The greed-is-good crowd then assumes a false premise: That maximizing value to shareholders means maximising the market value of their shares -- that is, they tacitly assume that shareholders care about nothing but money.

This has ugly consequences. For example, this principle says that it is proper (even obligatory!) to sell food with toxic additives, provided that this is legal and (taking everything into account) profitable. Likewise, if working conditions in an Indonesian factory can be greatly improved at little net cost, this principle says that doing so would be wrong, no matter how great the improvement or how small the net cost.

This widely held principle impose on corporate leaders what can amount to a fiduciary obligation to do evil, but if corporations act on behalf of their shareholders, how can it be right for them to do what informed shareholders would judge to be wrong?

If corporations exist to maximise value to their owners, then they must not do what their shareholders would reject, and should do what their shareholders would applaud. That is, they must act in a way consistent with the values of actual human beings, and must not act as mere profit-maximisers: Greed is wrong.

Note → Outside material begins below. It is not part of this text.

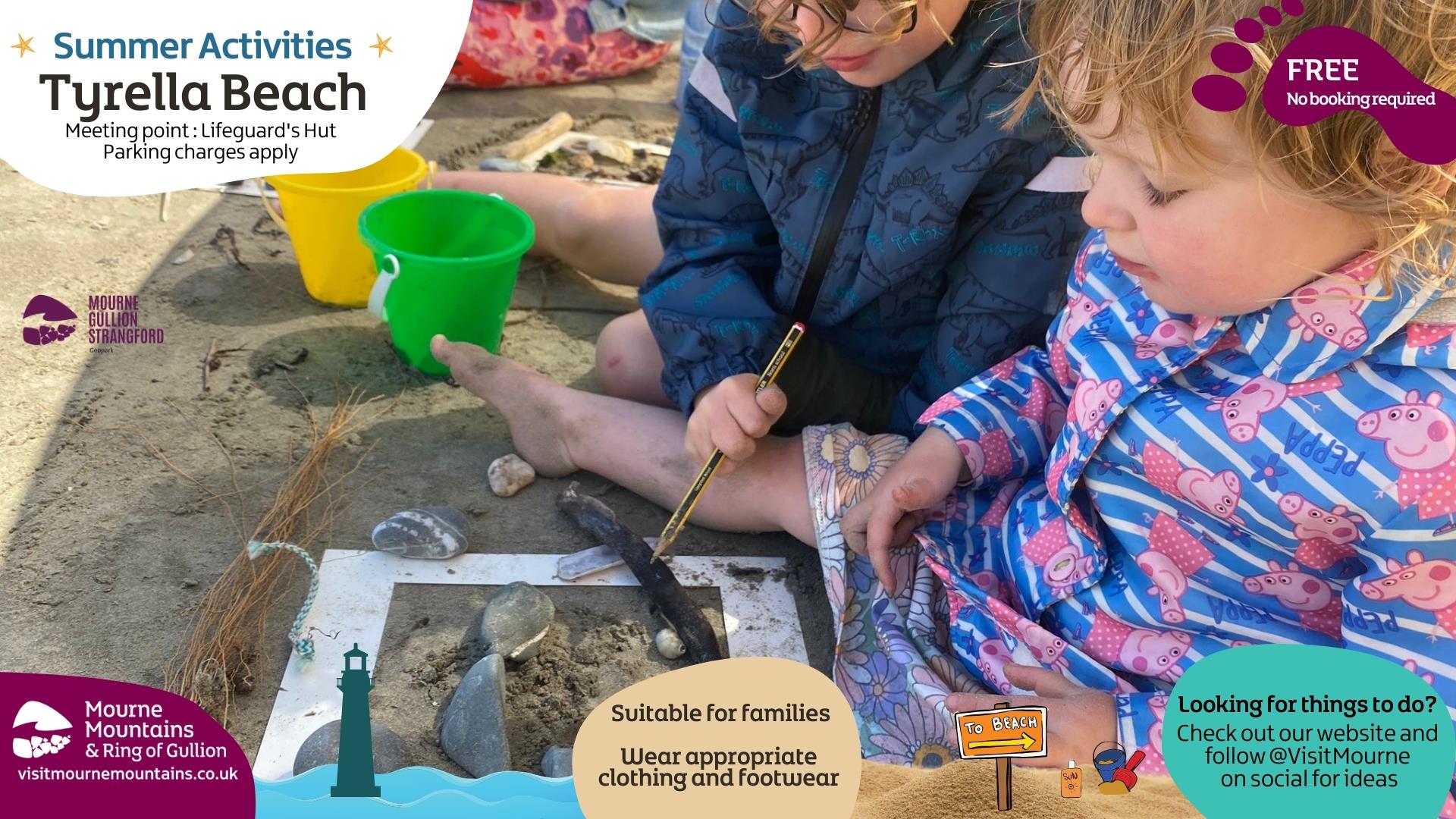 Children making beach art in Mourne Gullion Strangford Geopark.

This is a radical idea, yet it follows directly from basic principles of the reigning free-market ideology.

Words and ideas I offer here may be used freely and without attribution.

by technopolitical on Mon May 28th, 2007 at 12:04:41 AM EST
Homo œconomicus is a monster.

Bush is a symptom, not the disease.
by Migeru (migeru at eurotrib dot com) on Mon May 28th, 2007 at 07:47:25 AM EST
[ Parent ]
Homo oeconomicus, properly understood, would include (for example) a wealthy man who gives everything he owns to charity, then spends his life in Mumbai working to rescue abandoned children from the streets. Provided, that is, that he has a consistent set of preferences.

Homo oeconomicus, as almost universally misunderstood, is indeed a monster, and similarly debased economic thinking advocates that corporations be monstrous in the same way. That misunderstanding of rationality and of the proper purpose of corporations is poisonous and worth fighting.

Words and ideas I offer here may be used freely and without attribution.